Patricia Parker, Director of the Institute for Arts and Humanities, UNC Chapel Hill and Ruel W. Tyson Distinguished Professor of Humanities. A professor of critical organizational communication studies, her research and teaching focus on social justice leadership and decolonizing organizational communication processes. She is also founder and executive director of the Ella Baker Women’s Center for Leadership and Community Activism, a community-based not-for-profit organization building community power for social change and supporting girls’ and women’s leadership development.

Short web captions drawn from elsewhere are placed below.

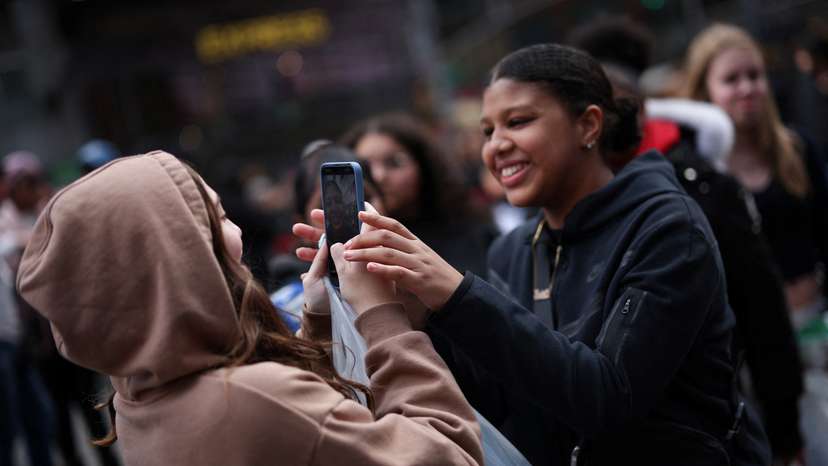 FILE PHOTO: TikTok users in Times Square in New York City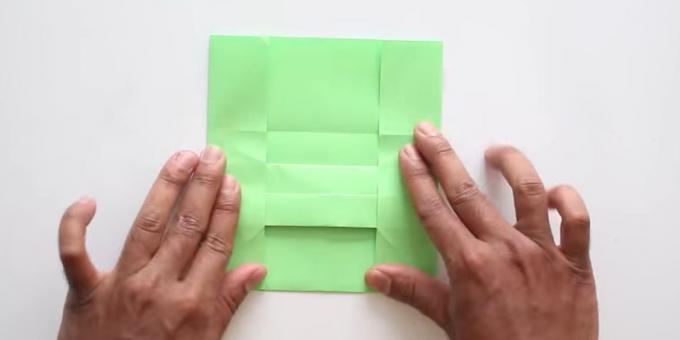 envelope com as mãos sem adesivo: dobre os lados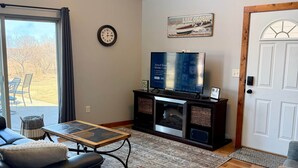 A living room with a ceiling fan, a television, a clock, and a door. - The Good Life - Okoboji cabin in Bridges Bay (Arnolds Park)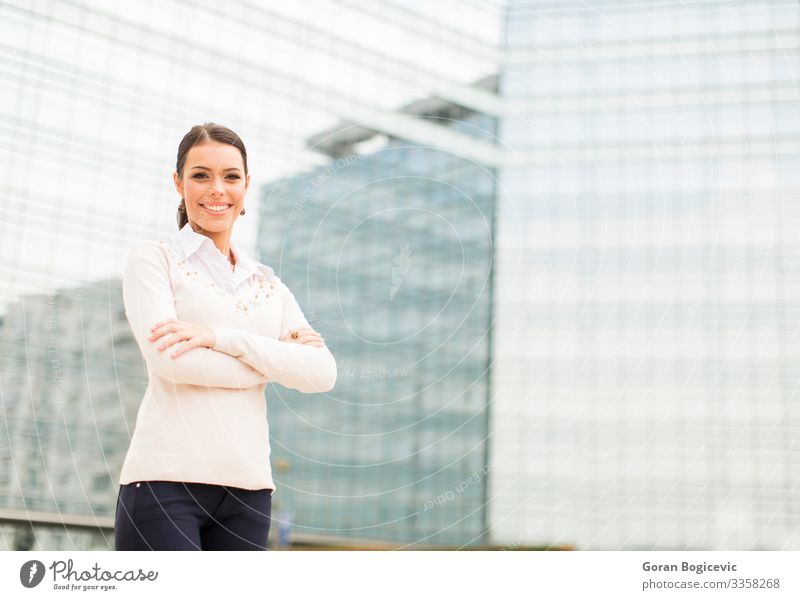 Young business woman in front of office building Lifestyle Style Happy Beautiful Success Office Business Career Human being Young woman Youth (Young adults)
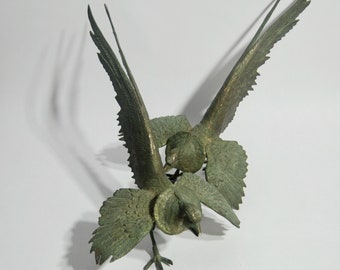 Vintage aged brass fighting birds, fighting cocks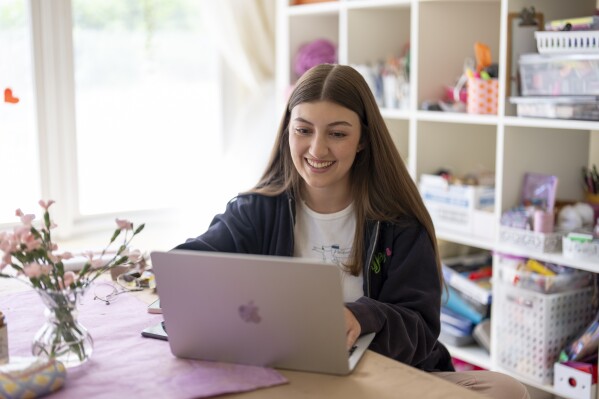 Amea Wadsworth works on her computer at her home, Friday, April 19, 2024, in San Diego. Wadsworth, who moved back home after graduating college, wanted to use her first full-time job as a chance to save, and a moment to take a hard look at her spending activity. (AP Photo/Gregory Bull)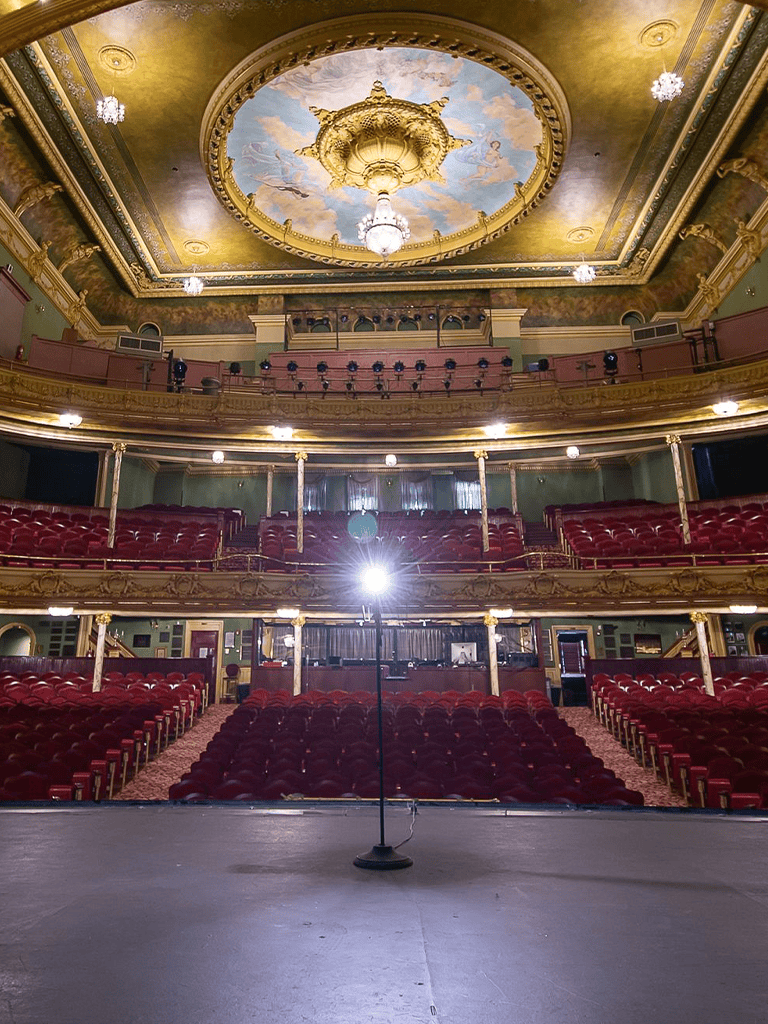 Elegant historic theater interior with ornate ceiling and plush red seats for live performances.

Maurits Van Bever Donker, Associate Professor, the Centre for Humanities Research, University of the Western Cape; his research specialisations are in Black Consciousness Philosophy, Postcolonial Theory and Aesthetics, African Philosophy and Literatures, and Contemporary South African and African History. He is Research Manager in the CHR, where he convenes the Centre’s fellowship programme, which aims to develop the next generation of university educators in Africa.

Katharine Wallerstein, former Associate Director of the UC Davis Humanities Institute and Critical Humanities Spaces Network Chair. She has written on and taught on aesthetics, politics, and subjectivity; histories of sexuality, the body, and feminist theory; French philosophy; art, film, and visual culture; modernism and modernity. She was co-founder and Executive Director of the Global Commons Foundation, where she developed a range of public platforms for artists, scholars, thinkers, and activists to research, discuss, and act on world crises from a largely Global South perspective.